Le leucemie Mieloidi Acute secondarie
Nella comune accezione clinica (Larson RA, 2007; Godley LA, Larson RA, 2008), la definizione di leucemia mieloide acuta secondaria (s-LAM) comprende le LAM che insorgono dopo una malattia del sangue precedentemente diagnosticata, più spesso una sindrome mielodisplastica (MDS), meno frequentemente una malattia mieloproliferativa (MPD) e le LAM diagnosticate in pazienti con esposizione nota ad agenti mutageni (generalmente chemio e/o radioterapia per antecedenti neoplasie, ematologiche e non). E’ da sottolineare che nella classificazione WHO delle leucemie acute, le LAM secondarie non costituiscono un sottogruppo distinto, in quanto le LAM post-MDS o post MPD/MDS vengono inserite nelle forme con displasia trilineare e quelle secondarie a chemio e/o radioterapia vengono classificate come gruppo a sé stante (Vardiman JW et al, 2002).

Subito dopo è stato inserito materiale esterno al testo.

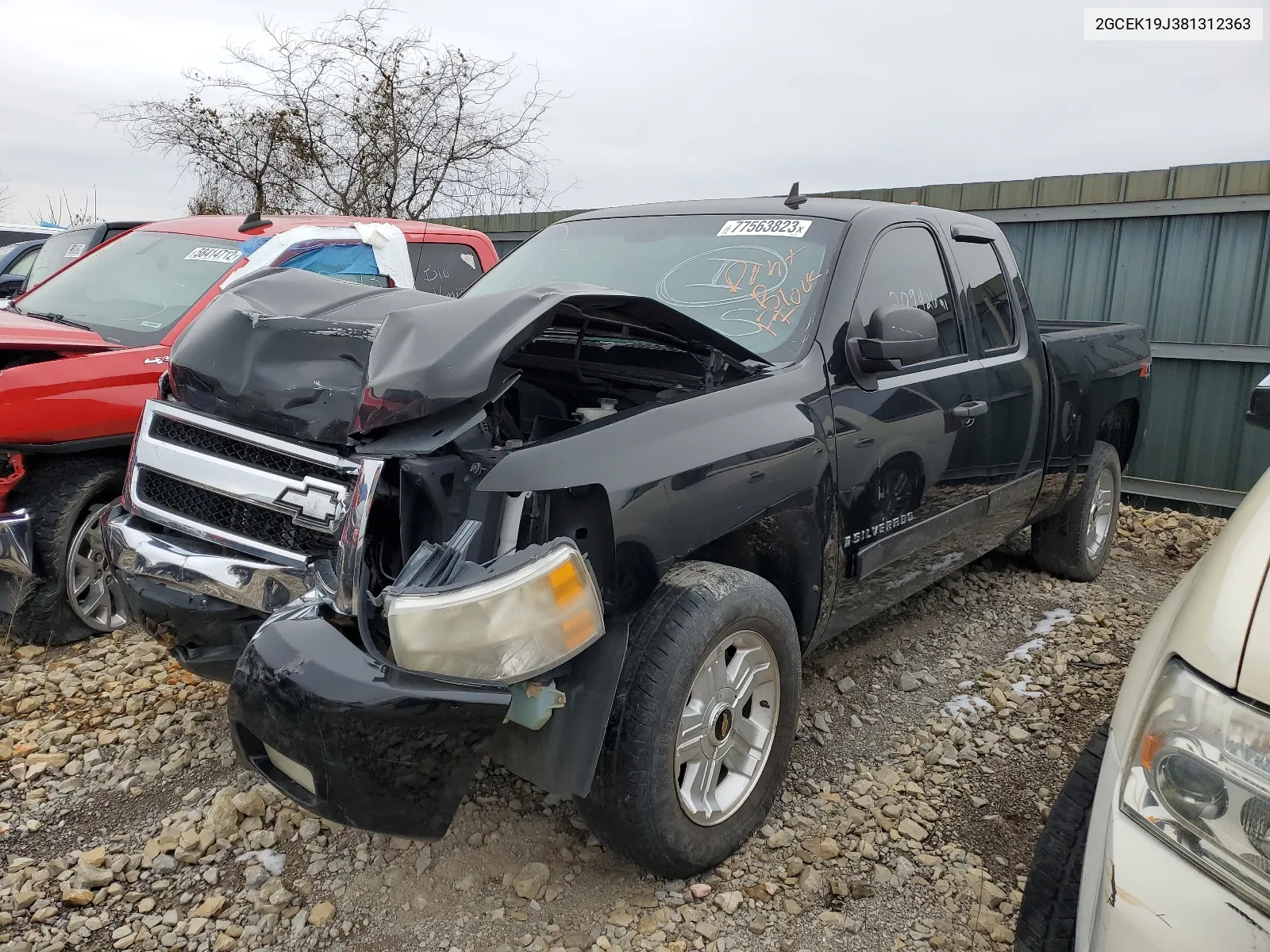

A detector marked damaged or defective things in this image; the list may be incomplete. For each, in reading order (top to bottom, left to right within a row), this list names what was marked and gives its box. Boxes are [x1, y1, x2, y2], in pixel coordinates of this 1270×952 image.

crumpled hood [168, 269, 762, 447]
damaged front end [104, 269, 756, 843]
broken headlight lens [383, 540, 602, 680]
broken headlight lens [1127, 654, 1270, 908]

Queste ultime possono insorgere dopo terapia con agenti alchilanti oppure dopo terapia con inibitori di topoisomerasi 2. Nella prima formulazione della classificazione WHO i due sottotipi sono stati distinti per le diverse caratteristiche cliniche, mentre nell’aggiornamento più recente della stessa classificazione, la sub-categorizzazione è stata eliminata in quanto è prevalso il concetto della omogeneità citogenetica tra le due entità (Vardiman JW et al, 2009). Proprio perché non considerato dalla WHO e per l’eterogeneità dei sottotipi di LAM definiti, diversi autori suggeriscono l’eliminazione del termine “leucemia acuta mieloide secondaria”(Larson RA, 2007).

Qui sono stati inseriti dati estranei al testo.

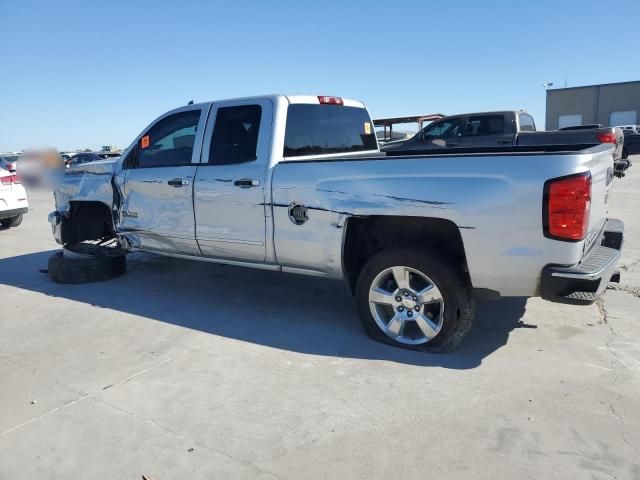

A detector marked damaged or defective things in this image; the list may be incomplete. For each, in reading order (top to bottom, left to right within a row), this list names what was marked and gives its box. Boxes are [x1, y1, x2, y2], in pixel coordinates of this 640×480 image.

front bumper damage [544, 218, 624, 304]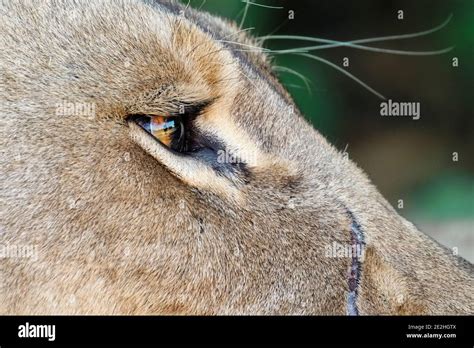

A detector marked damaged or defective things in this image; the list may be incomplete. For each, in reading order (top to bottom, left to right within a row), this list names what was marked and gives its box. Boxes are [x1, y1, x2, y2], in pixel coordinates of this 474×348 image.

dark tear marking [344, 208, 366, 316]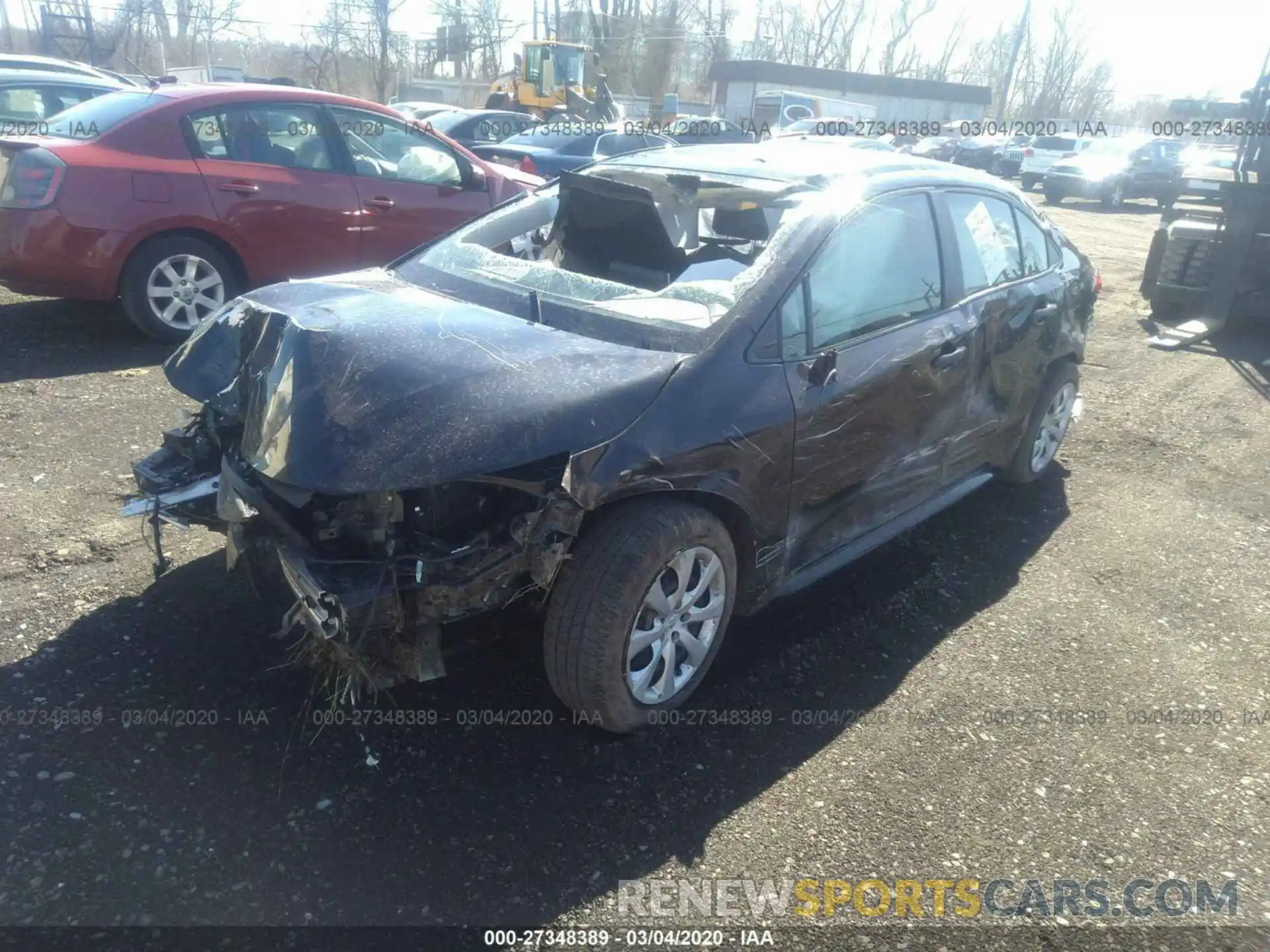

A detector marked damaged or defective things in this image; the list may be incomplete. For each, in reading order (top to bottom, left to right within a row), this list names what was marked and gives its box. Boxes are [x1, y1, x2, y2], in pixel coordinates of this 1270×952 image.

Leucemia mieloide acuta post-MDS
La distinzione tra MDS avanzata e LAM sia basa ancora oggi sulla percentuale di blasti midollari all’esame morfologico del midollo osseo (blasti 5-20% o > 20%). A tale riguardo va ricordato che la valutazione citofluorimetrica delle cellule CD34 positive non può e non deve sostituire l’esame morfologico e/o la biopsia osteo-midollare per la esatta quantificazione dei blasti mieloidi, in quanto non sempre i blasti mieloidi sono CD34+ e comunque l’esame morfologico è in grado di fornire informazioni aggiuntive. Mentre vi è notevole overlapping per quanto riguarda anomalie molecolari e citogenetiche e manifestazioni cliniche tra MDS avanzate e LAM, i meccanismi genetici che determinano l’evoluzione MDS–>LAM sono ancora oggi poco conosciuti. Sono state identificate mutazioni di diversi geni (FLT3, NPM1, RUNX1, TP53, and NRAS) associate alla trasformazione, ma il ruolo patogenetico dell’entità e del rilievo delle singole mutazioni rimane da definire (Bacher U et al, 2007; Dicker F et al, 2010). Recenti osservazioni hanno chiaramente dimostrato che la virtuale totalità delle cellule midollari nelle LAM post MDS sono clonalmente derivate (Walter MJ et al, 2012). Gli autori suggeriscono perciò che l’evoluzione in LAM di una MDS sia un processo dinamico, associato a mutazioni ricorrenti e selezione clonale. In particolare, come indicato in Tabella I, 11 geni mostrano mutazioni ricorrenti e 4 di essi non sono stati precedentemente implicati nei processi di leucemogenesi. Una osservazione estremamente interessante è che la percentuale di cellule clonali è simile nelle MDS e nelle s-LAM ed è indipendente dalla percentuale di mieloblasti, a dimostrazione della natura preleucemica delle MDS. Altro aspetto rilevante, anche per le potenziali implicazioni terapeutiche, è la dimostrazione di un pattern comune di metilazione e ipermetilazione genica nelle MDS e s-LAM (Figueroa ME et al, 2009).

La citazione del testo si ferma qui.